● **Material for the task**:
_____

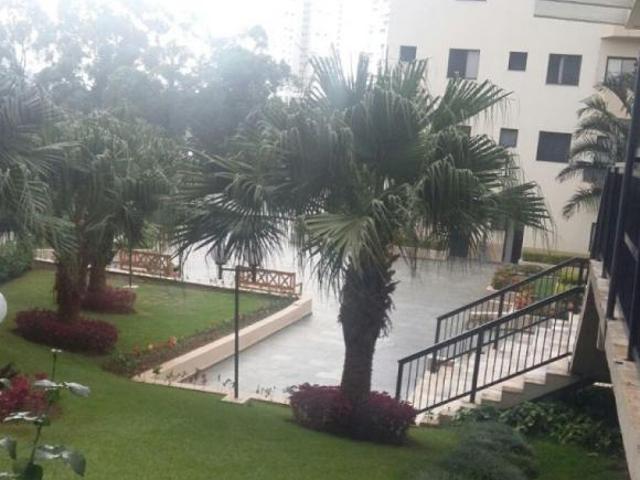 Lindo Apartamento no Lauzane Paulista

_____

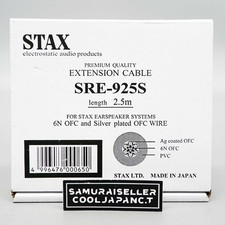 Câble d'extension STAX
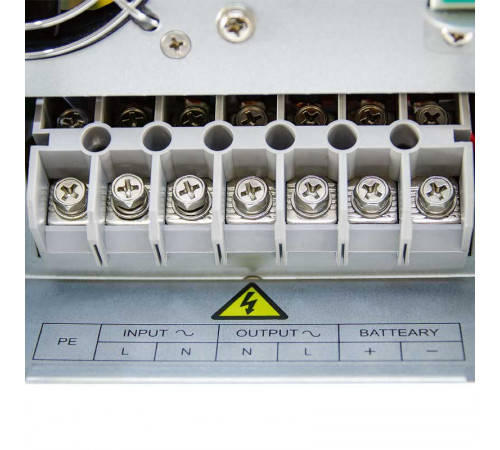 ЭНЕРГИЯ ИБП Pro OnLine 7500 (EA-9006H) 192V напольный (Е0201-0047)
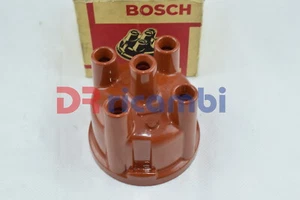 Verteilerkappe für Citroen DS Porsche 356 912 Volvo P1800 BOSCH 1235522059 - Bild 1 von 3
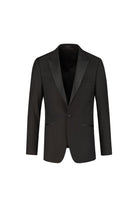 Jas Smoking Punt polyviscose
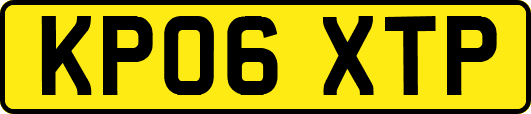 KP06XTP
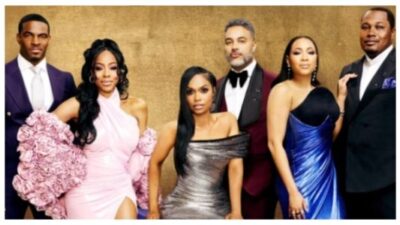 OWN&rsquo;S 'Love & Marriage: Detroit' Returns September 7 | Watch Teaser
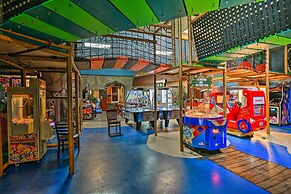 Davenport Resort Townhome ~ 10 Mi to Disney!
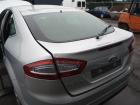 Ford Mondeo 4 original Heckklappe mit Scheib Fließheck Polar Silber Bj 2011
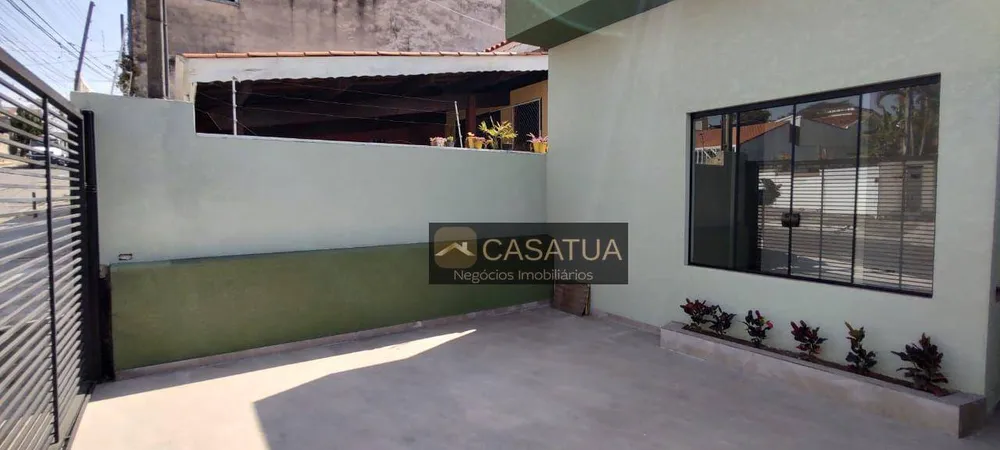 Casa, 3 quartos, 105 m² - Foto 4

_____

● **Your task**: The lines to set down run from the line with "Ford Mondeo 4" up to and including the line with "Casa, 3 quartos, 105 m² - Foto 4" in the entries above. Reproduce them exactly, with no pictures.

● **Task output**:
 Ford Mondeo 4 original Heckklappe mit Scheib Fließheck Polar Silber Bj 2011
 Casa, 3 quartos, 105 m² - Foto 4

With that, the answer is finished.